**Task directions**
Starting at the line that contains "Colorful Mandala on White Background" and stopping after the line that contains "- Kaari Blue Geo Print Blouse Size Small", transcribe the listing below exactly; do not include any pictures.

**Task inputs**
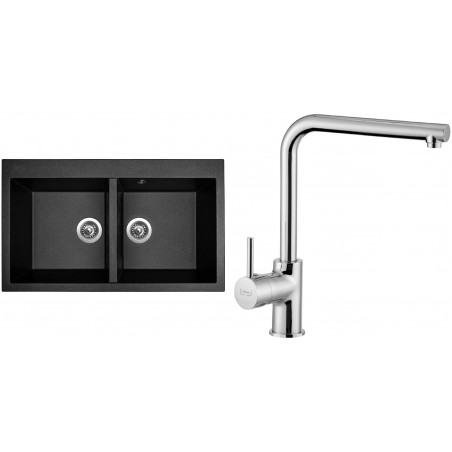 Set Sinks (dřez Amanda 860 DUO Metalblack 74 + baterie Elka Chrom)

* * *

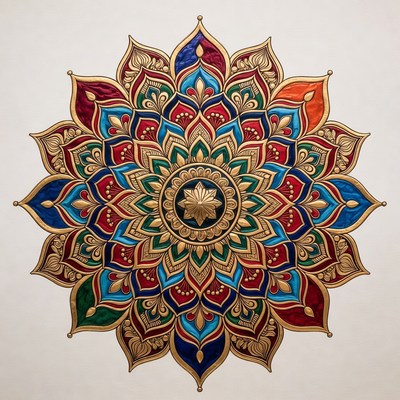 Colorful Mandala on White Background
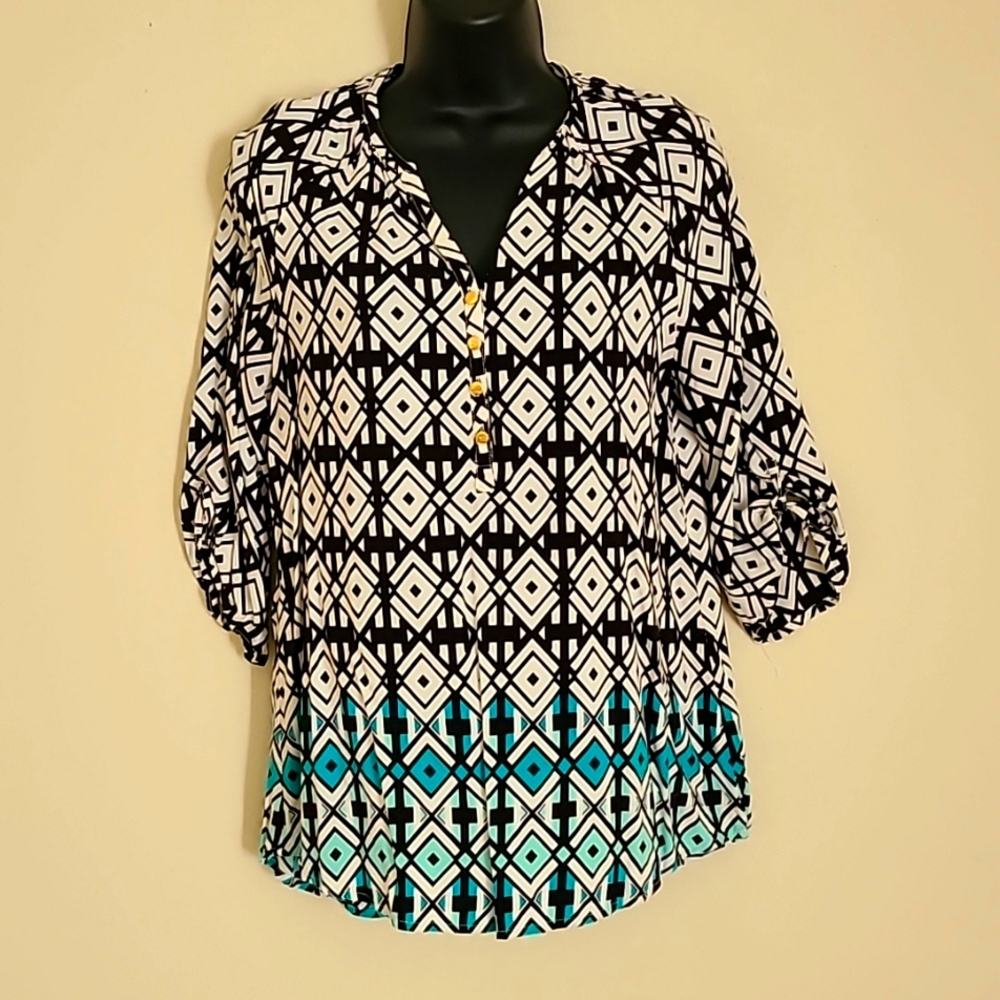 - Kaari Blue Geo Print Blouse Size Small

* * *

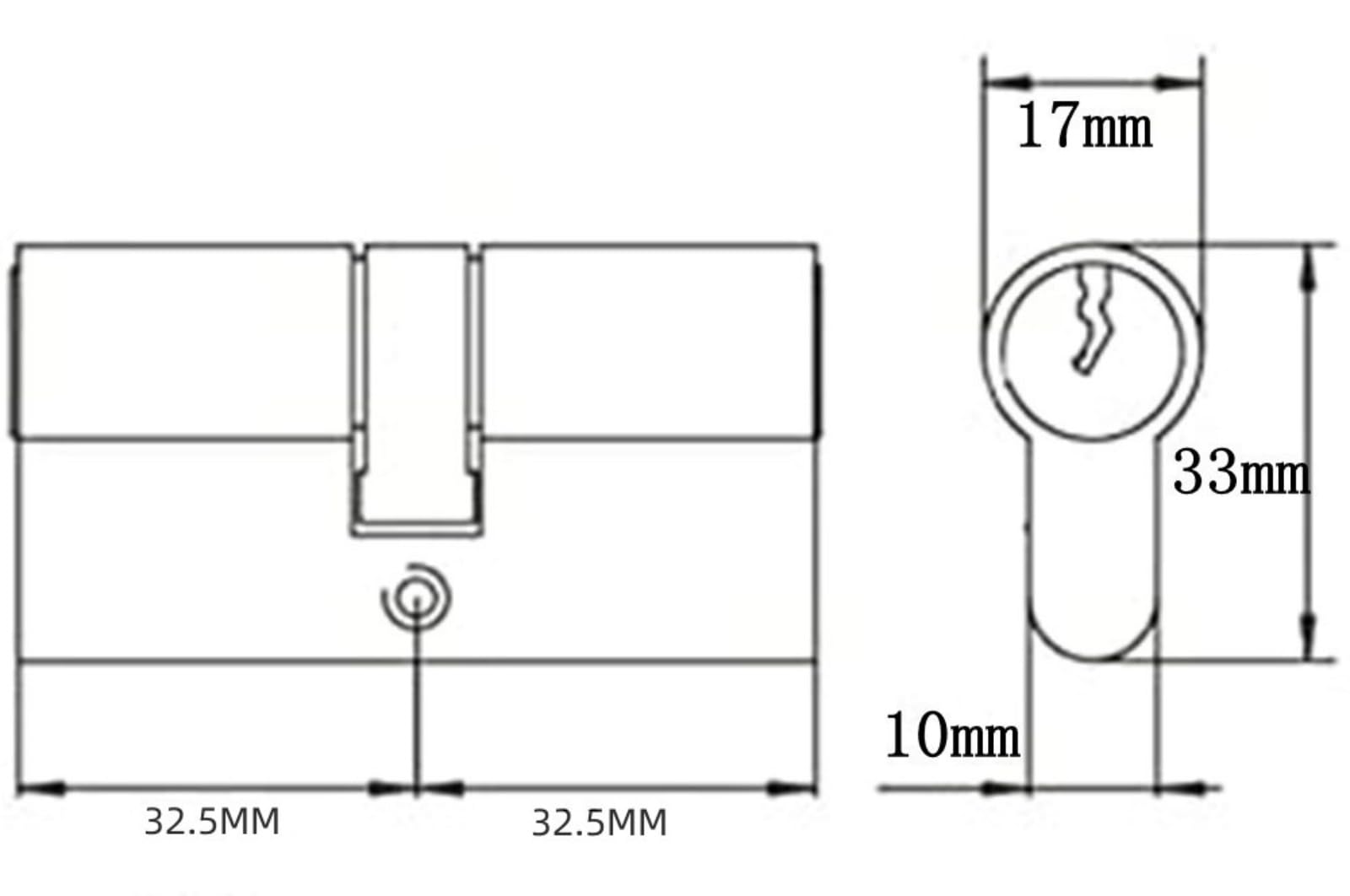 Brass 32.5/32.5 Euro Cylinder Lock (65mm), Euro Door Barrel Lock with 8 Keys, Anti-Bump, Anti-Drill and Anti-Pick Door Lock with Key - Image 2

**Answer box**
 Colorful Mandala on White Background
 - Kaari Blue Geo Print Blouse Size Small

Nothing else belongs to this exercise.